Spricht man mit Siegrist über sein Leben als Profialpinist, spürt man schnell, welcher Ausnahmesportler einem gegenübersitzt. Nicht nur der beeindruckenden Erfolge wegen. Auch menschlich ist der Schweizer eine Rarität. Er ist angenehm bescheiden und sieht sich nicht als Star: „Ich bin kein Held. Es gibt so viele gute Bergsteiger. Ich bin einer unter vielen.“

Das ist natürlich untertrieben.
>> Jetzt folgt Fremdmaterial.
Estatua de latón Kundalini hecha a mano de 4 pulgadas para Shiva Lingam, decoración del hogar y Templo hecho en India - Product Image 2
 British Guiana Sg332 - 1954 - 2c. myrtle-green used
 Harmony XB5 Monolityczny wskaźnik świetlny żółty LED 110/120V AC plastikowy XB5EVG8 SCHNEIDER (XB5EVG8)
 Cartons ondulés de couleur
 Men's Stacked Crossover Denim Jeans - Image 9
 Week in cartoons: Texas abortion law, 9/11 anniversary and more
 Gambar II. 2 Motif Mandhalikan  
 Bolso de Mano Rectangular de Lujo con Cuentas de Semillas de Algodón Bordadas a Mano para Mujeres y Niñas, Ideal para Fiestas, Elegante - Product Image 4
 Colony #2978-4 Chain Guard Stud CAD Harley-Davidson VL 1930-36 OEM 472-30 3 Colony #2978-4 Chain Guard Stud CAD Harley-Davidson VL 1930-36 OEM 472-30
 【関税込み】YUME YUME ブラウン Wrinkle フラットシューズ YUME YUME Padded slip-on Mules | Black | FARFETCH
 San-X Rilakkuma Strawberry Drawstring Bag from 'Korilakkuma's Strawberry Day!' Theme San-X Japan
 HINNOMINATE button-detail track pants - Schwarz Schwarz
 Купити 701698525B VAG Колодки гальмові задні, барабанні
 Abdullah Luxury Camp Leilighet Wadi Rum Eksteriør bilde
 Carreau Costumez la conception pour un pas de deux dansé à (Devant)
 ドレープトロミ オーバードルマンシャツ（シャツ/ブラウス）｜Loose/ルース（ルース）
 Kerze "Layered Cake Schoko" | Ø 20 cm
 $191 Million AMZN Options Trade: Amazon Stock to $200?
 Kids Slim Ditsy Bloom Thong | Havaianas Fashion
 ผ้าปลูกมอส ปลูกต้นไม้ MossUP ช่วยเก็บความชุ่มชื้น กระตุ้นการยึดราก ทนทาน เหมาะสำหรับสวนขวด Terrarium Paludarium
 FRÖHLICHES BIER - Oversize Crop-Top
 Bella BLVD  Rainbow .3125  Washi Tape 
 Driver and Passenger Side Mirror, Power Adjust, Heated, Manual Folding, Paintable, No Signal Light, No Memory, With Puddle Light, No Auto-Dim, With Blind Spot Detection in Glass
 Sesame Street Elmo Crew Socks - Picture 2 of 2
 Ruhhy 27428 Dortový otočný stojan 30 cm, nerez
Neben alpinen Erfolgen beeindruckt Siegrist auch regelmäßig durch spektakuläre Projekte auf der Highline oder als Basejumper. Am 15. Juni 2009 steht Siegrist auf dem „Pilz“, einem Felsvorsprung im westlichen Teil der Eigernordwand. Als erster Bergsteiger ist Siegrist in freier Kletterei durch die Route „Magic Mushroom“ geklettert. Es folgt ein Basejump – 1000 Meter in die Tiefe.

In Kürze bricht Stephan Siegrist gemeinsam mit David Göttler, Michi Wärthl, Daniel Bartsch und Hansi Mitterer zum 8475 Meter hohen Makalu auf. Auf den Gipfel des fünfthöchsten Berges der Welt wollen die Männer über den Westpfeiler im Alpinstil klettern.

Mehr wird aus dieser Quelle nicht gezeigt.